Germany does not yet have a new coalition, but the debate about German energy policy reform is in full bloom. Today, Craig Morris talks about the changes that would affect energy corporations – and can’t help noticing the German penchant for market-based instruments and efforts to limit governmental intervention.
Germany remains wedded to free markets despite the numerous obvious market failures in the energy sector. The solutions proposed will have to be market-based (however defined) if they are to be taken seriously. I see two major market failures that need to be addressed; the list is by no means exhaustive.
Market failure #1: Idle backup capacity unprofitable. Ideally, if a gas turbine only runs for a couple of hundred hours a year rather than a couple of thousand, it should be able to simply charge more so that it remains profitable. In practice, the turbine operator does not know how many hours the plant will run for the rest of the year and simply has to take whatever price the market offers when the turbine has to switch on to meet demand.
Germany will always need a full 80 GW of dispatchable capacity to meet peak annual demand in late November evenings. But Germany is largely switching to wind and solar, which are not dispatchable. Yet, as wind and solar power grow, conventional plants will run less, becoming unprofitable.

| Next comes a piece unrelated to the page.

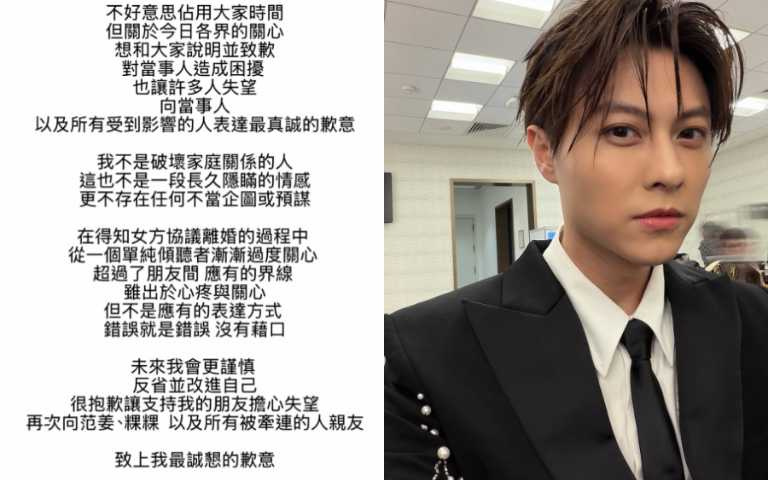 (圖/取自 prince_pstar IG)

The result is a reluctance to invest in new plants – and plans to decommission gas turbines, the most flexible backup capacity. The outcome could be insufficient dispatchable capacity, and the prospect worries supporters of the energy transition. As Rainer Baake, head of Berlin-based think tank Agora Energiewende, recently put it, “We regard this prospect as highly dangerous.”

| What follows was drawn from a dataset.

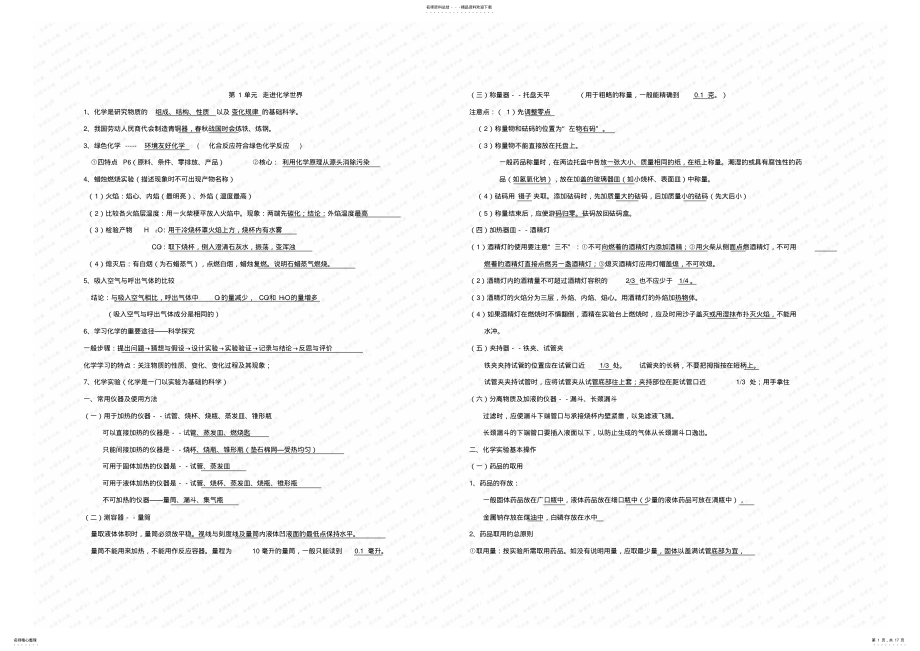 2022年人教版初中化学知识点总结,推荐文档 7.pdf_第1页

Payments for capacity – kilowatts instead of kilowatt-hours – should, however, be kept to a minimum and tailored to the plant’s flexibility and carbon emissions. Germany will not need baseload power in a decade, so baseload plants should not receive capacity payments. Furthermore, gas turbines have lower carbon emissions than new, flexible brown coal plants, so the latter should also not be eligible for capacity payments.
Market failure #2: Grids. Grid operators are uninterested in the guaranteed profit margins of up to nine percent offered for grid investments and have therefore done little to expand the grid. In one prominent case, grid operator Tennet – a 100 percent subsidiary of the Dutch state – would have to make investments exceeding its entire annual revenue.

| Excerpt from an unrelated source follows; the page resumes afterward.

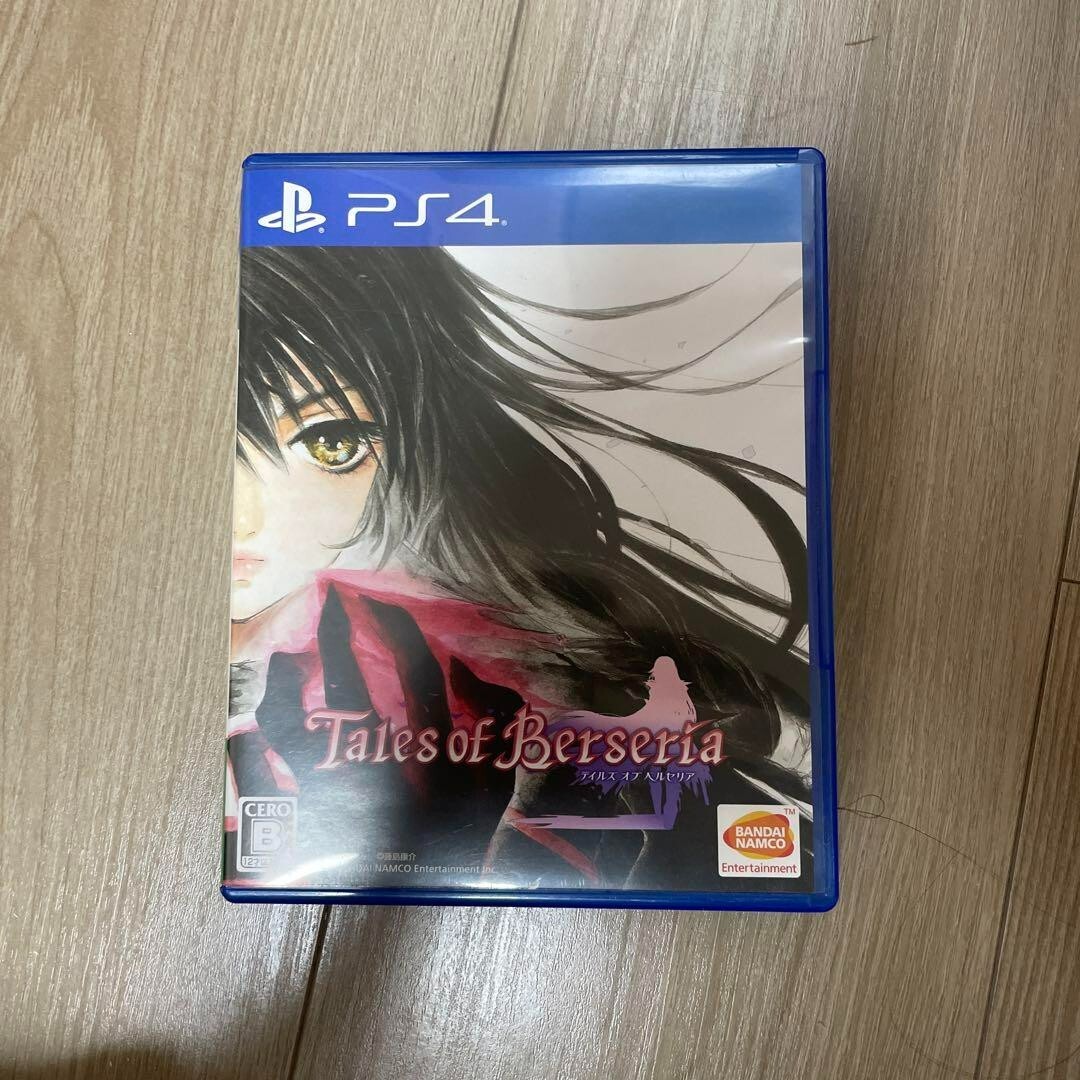 Tales of Berseria アナログレコード 限定マギルゥエディション Tales of Berseria アナログレコード 限定マギルゥエディション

Here, we see the German reluctance to have the government step in and fix everything, for the obvious solution would be that the government should take over Germany’s for transmission grid zones as natural monopolies – something Denmark did years ago. But don’t hold your breath; it ain’t gonna happen.
The obvious solution is forcing investors to swallow losses. Grid operators like Tennet currently have to pay for offshore wind they cannot transport, but the costs are simply passed on to consumers as a higher grid fee. Investors in offshore wind be treated the same as those investing in onshore wind; the latter cannot simply continue building and be paid in full for power not sold to the grid if the grid is not expanded in time. Grid operators could pay offshore investors part of the sum, forcing them to tailor their plans to the grid, and grid operators should have to book such payments as a penalty – so they have to pay something if they fail to provide a connection.
The result would be slower growth in the offshore wind sector, which is not a big problem – what the Energiewende and needs most is wind power, and onshore will do the trick just fine. Another result would be more distributed onshore wind power, which would probably strengthen community projects. In my next post, I discuss the role that citizen investors will play in focusing on onshore wind.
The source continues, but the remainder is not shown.